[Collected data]
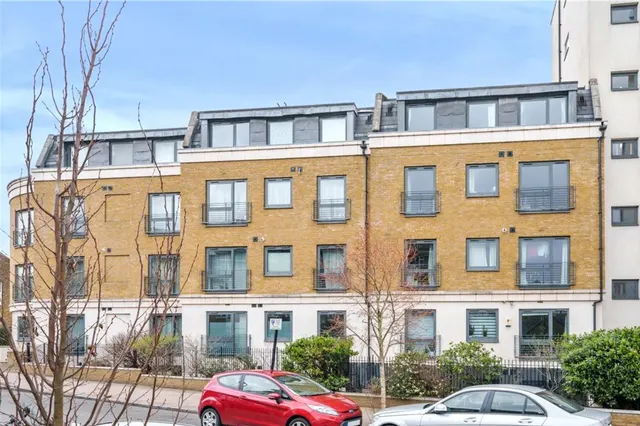 Uxbridge Road, Ealing, W13, photo 1
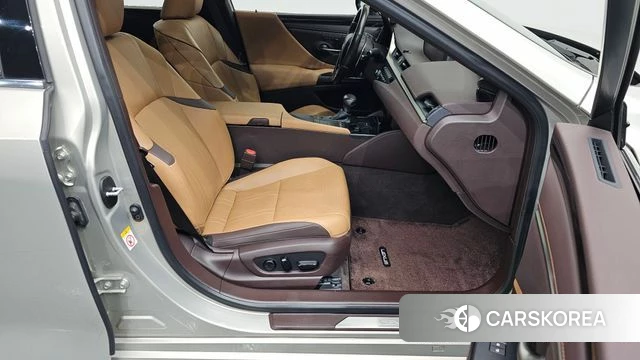 Lexus ES300h 7th generation id 3845507 из Кореи 20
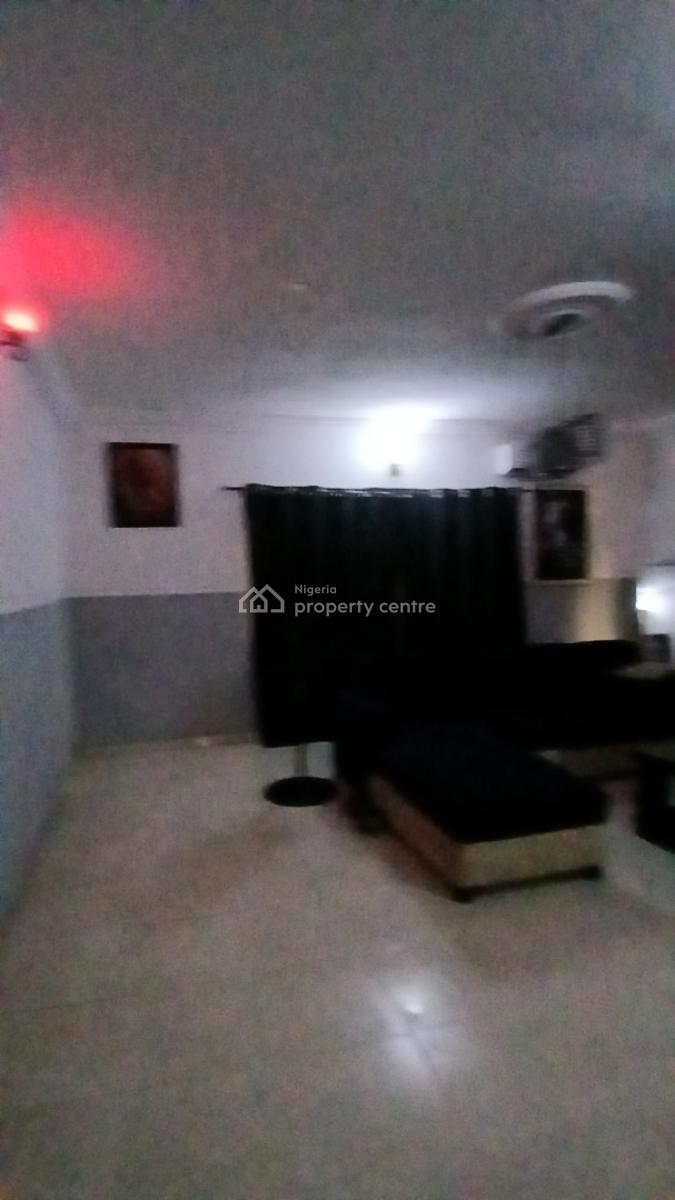 a Room in a Shared Apartment, Idowu Estate, Okera Nla, Off Ado Road Ajah, Ajah, Lagos, Flat / Apartment for Rent
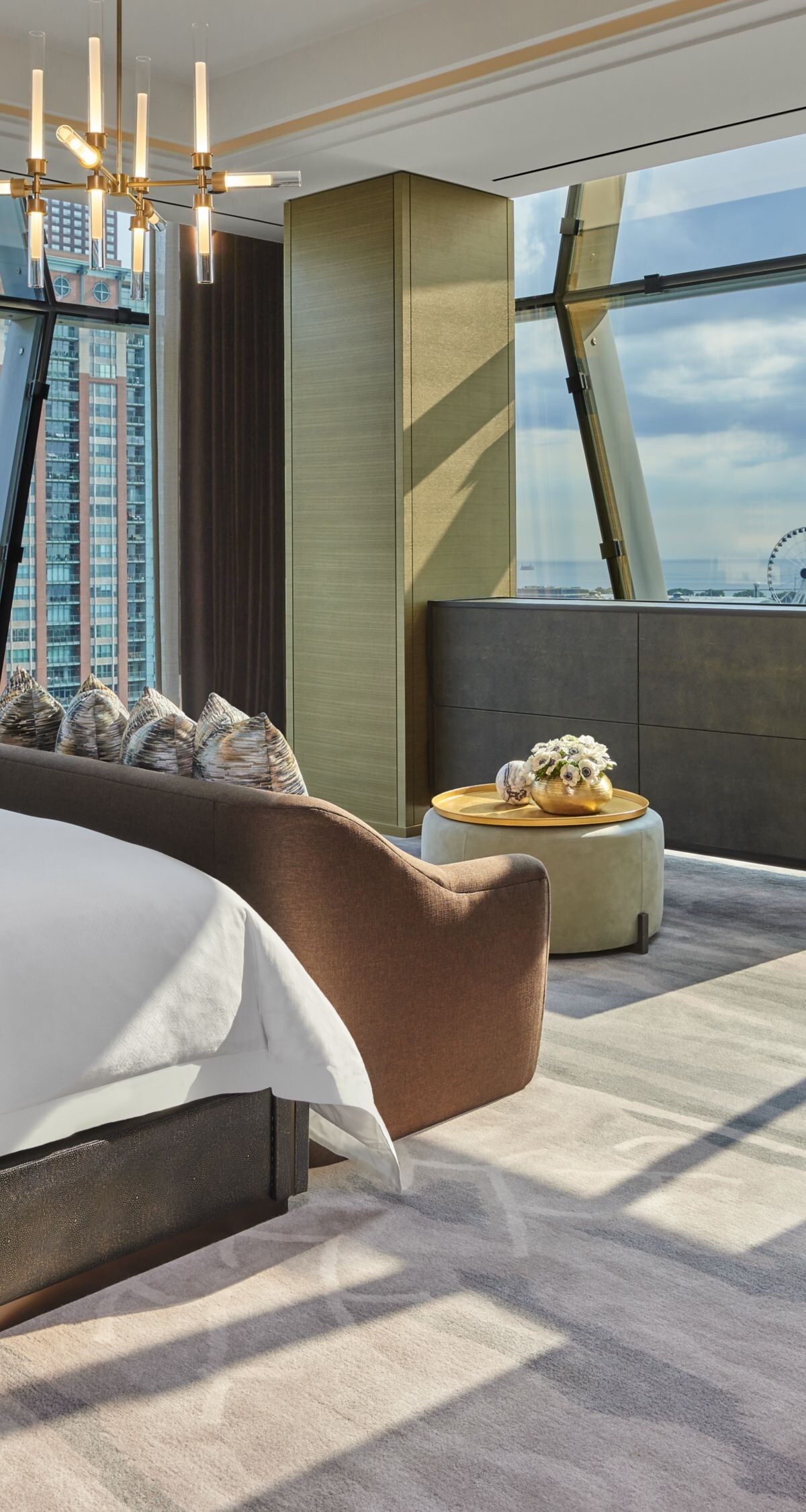 Luxury Hotel in Downtown Chicago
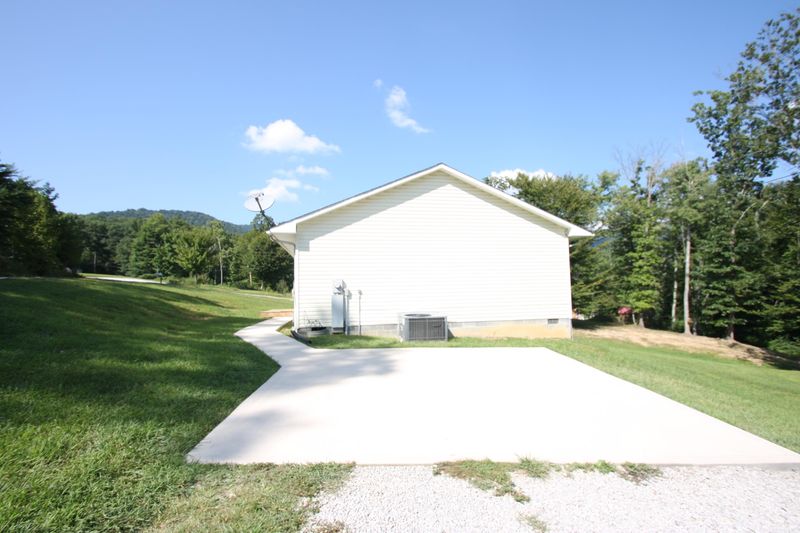 111 Jerrico Ln, Wartburg, TN 37887
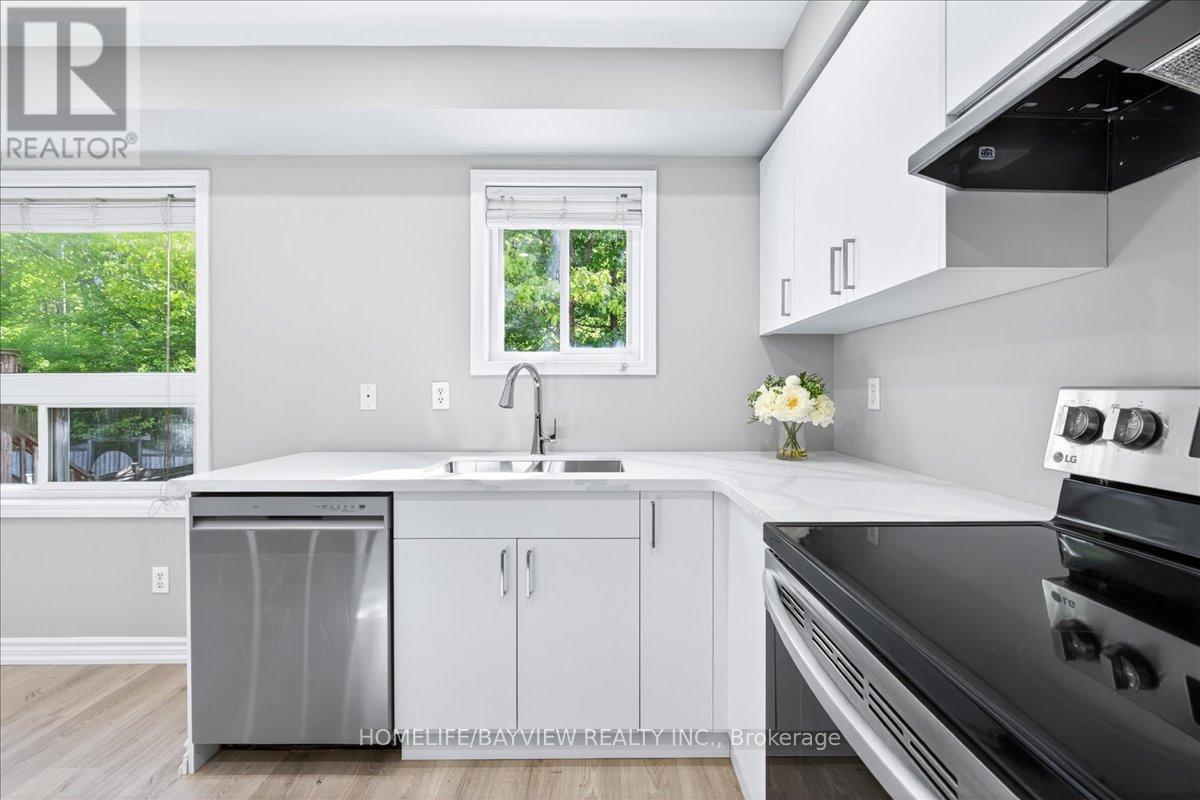 52 HAWTHORNE CRESCENT - 10
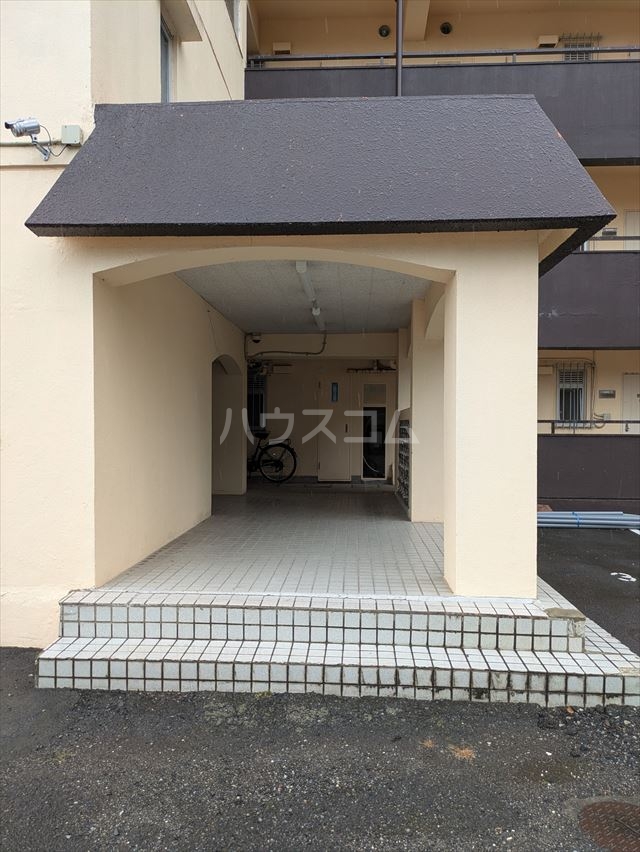21/30 エントランス
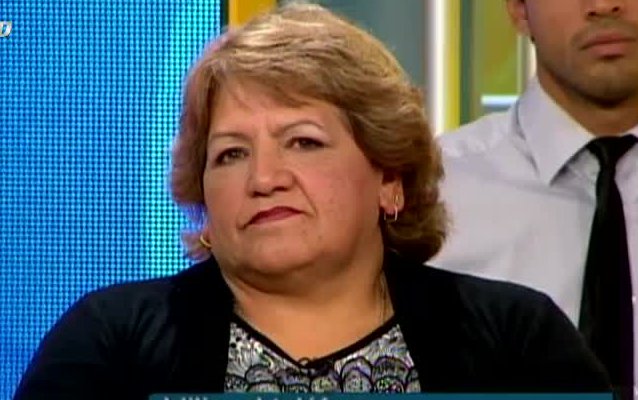 La demandada quiere que sus hijastros le paguen por su herencia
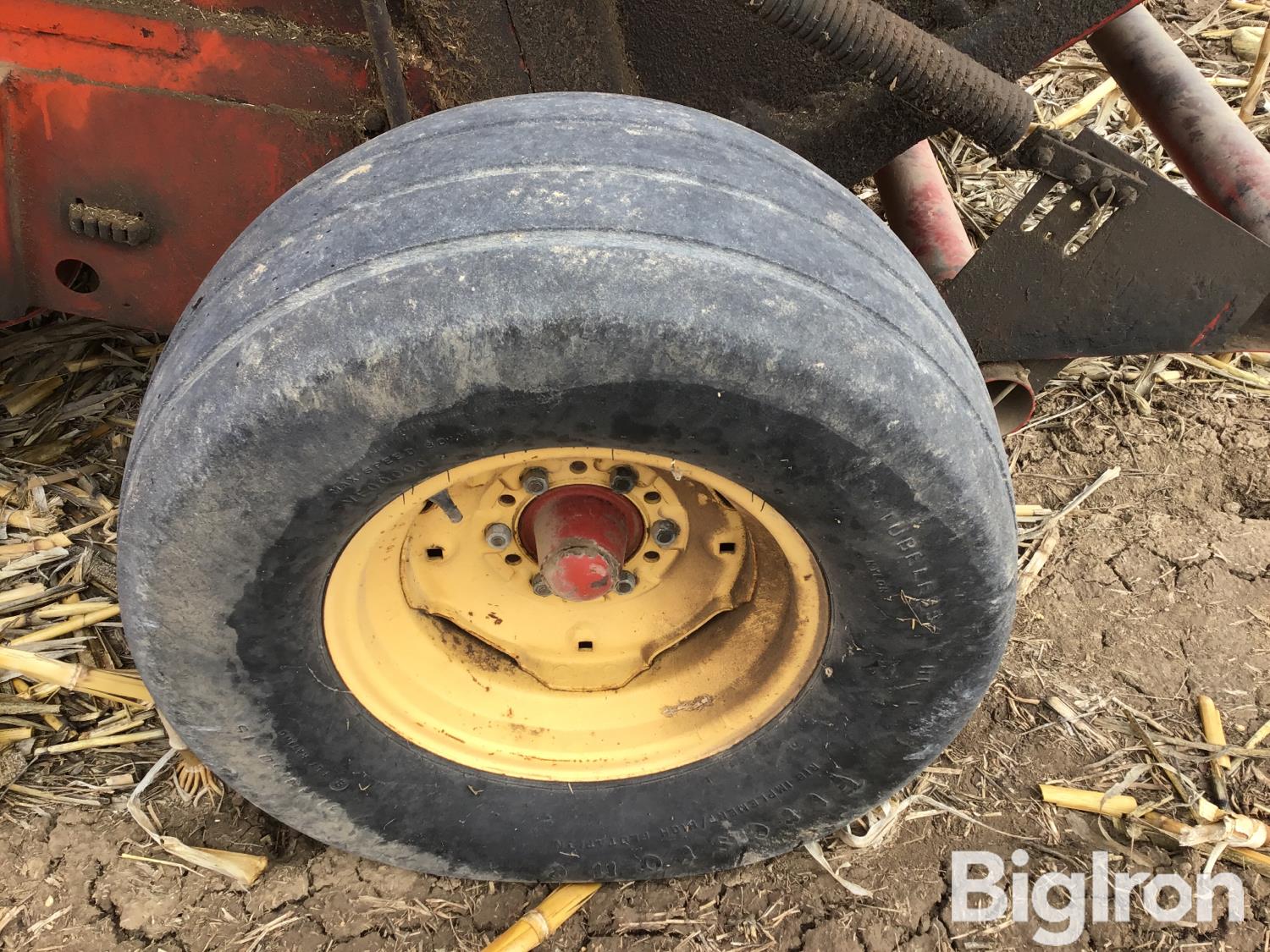 1988 New Holland 855 Round Baler BigIron Auctions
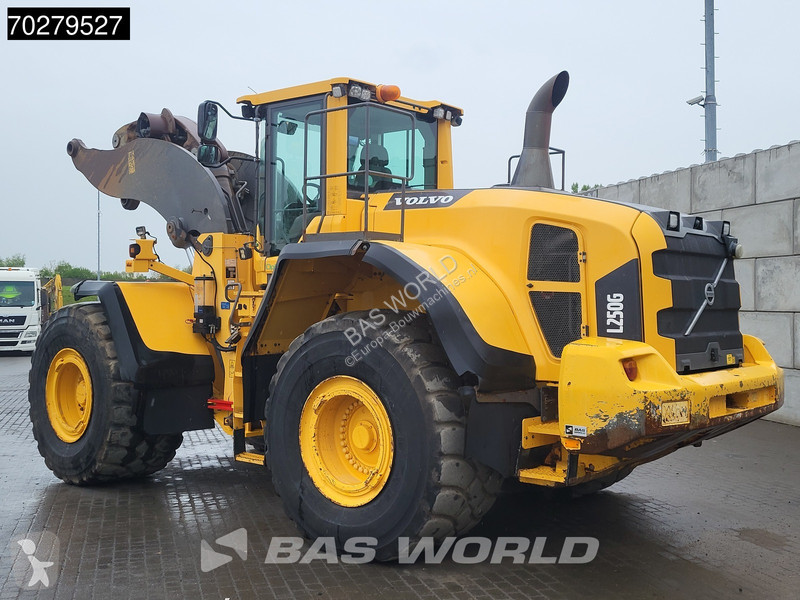 Nakladač Volvo L250 CDC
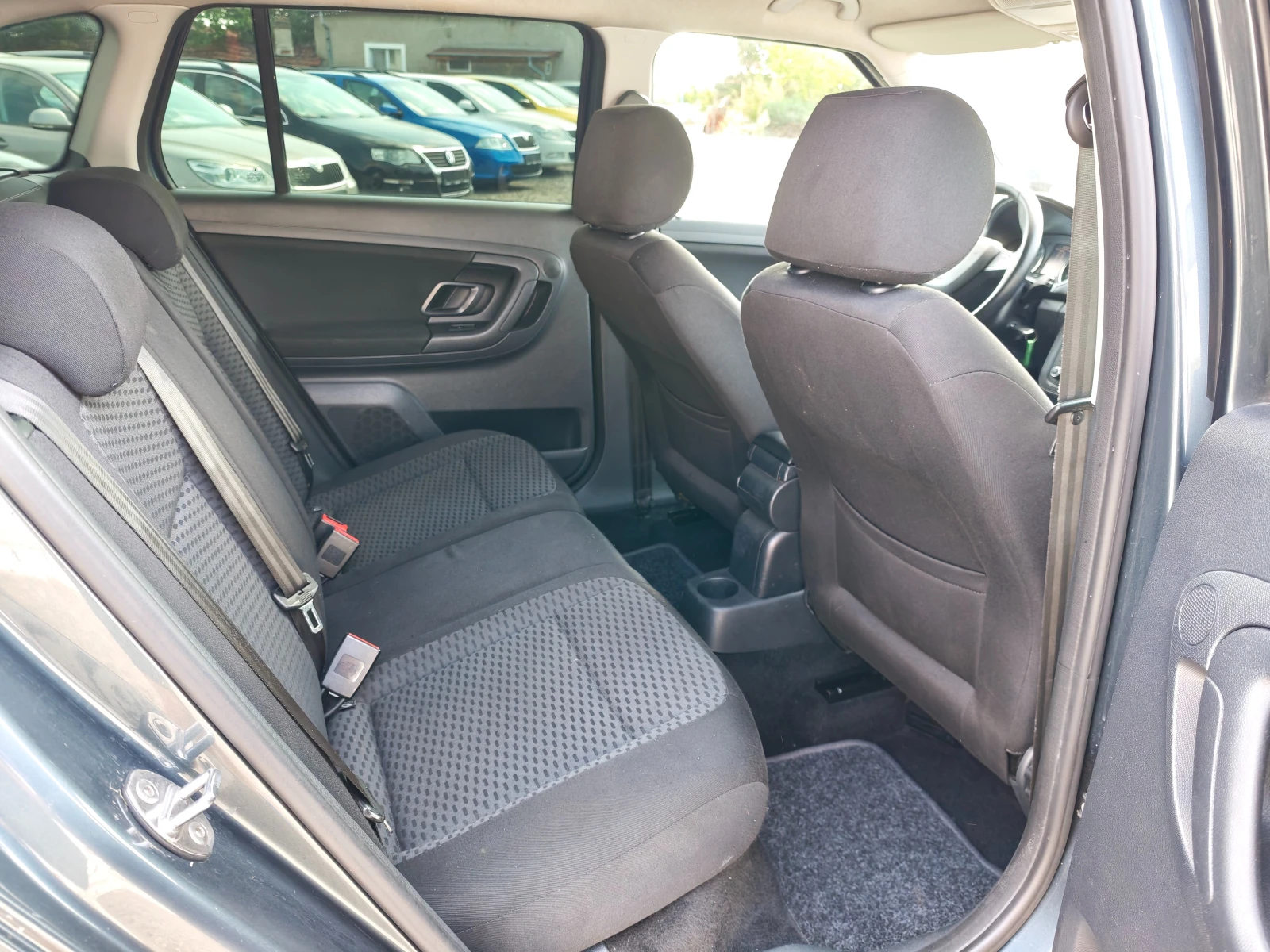 Skoda Fabia 1.6TDI Facelift | Mobile.bg � ����������� 12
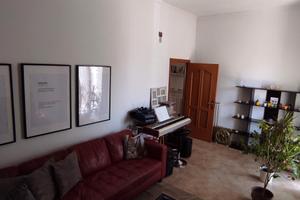Indipendente, primo piano,3 camere matrimoniali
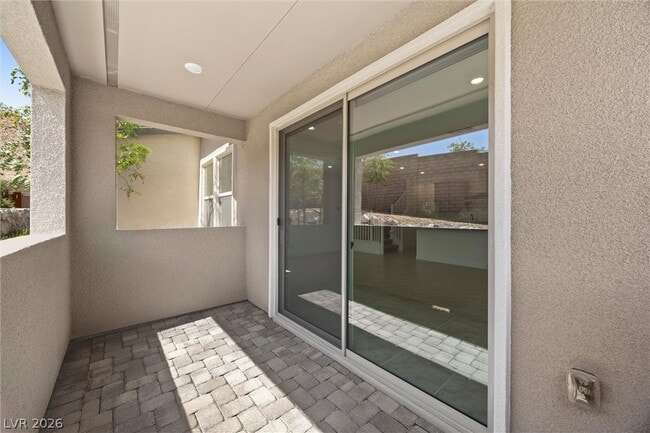 Building Photo - 11467 Contour Ave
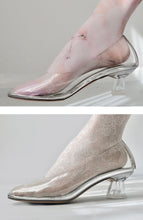 Load image into Gallery viewer, Vintage Cinderella Clear Low Heel Pump Shoes
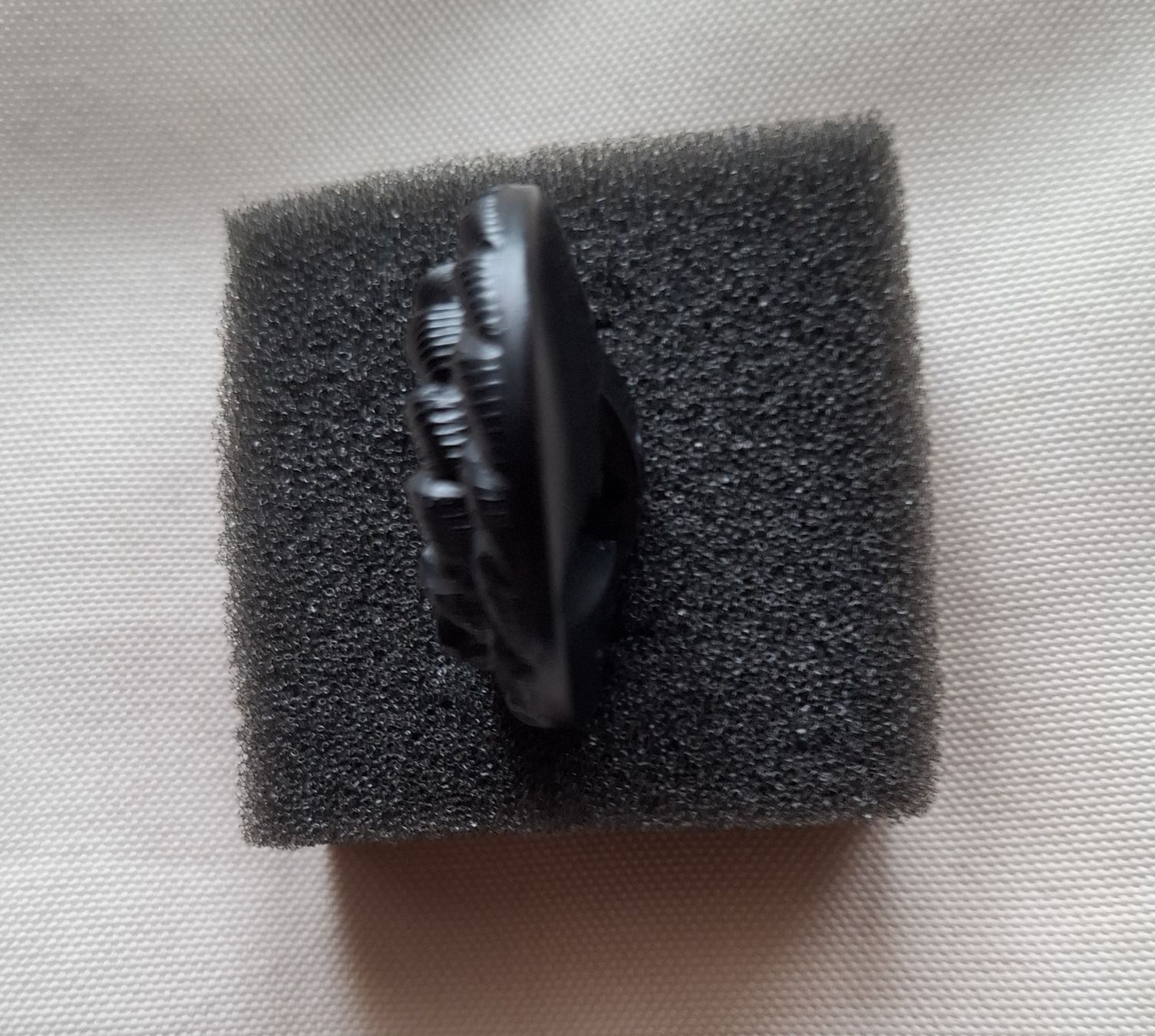 Bottoni: Schwarzer Zierknopf, 28 mm. – Usato da Dietikon venduto da Hirschkopf 2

■ Problem details
Reproduce word for word the lines from the line with "Nakladač Volvo L250 CDC" to the end of the entries above, both included, but leave the pictures out.

■ Written reply
 Nakladač Volvo L250 CDC
 Skoda Fabia 1.6TDI Facelift | Mobile.bg � ����������� 12
Indipendente, primo piano,3 camere matrimoniali
 Building Photo - 11467 Contour Ave
 Load image into Gallery viewer, Vintage Cinderella Clear Low Heel Pump Shoes
 Bottoni: Schwarzer Zierknopf, 28 mm. – Usato da Dietikon venduto da Hirschkopf 2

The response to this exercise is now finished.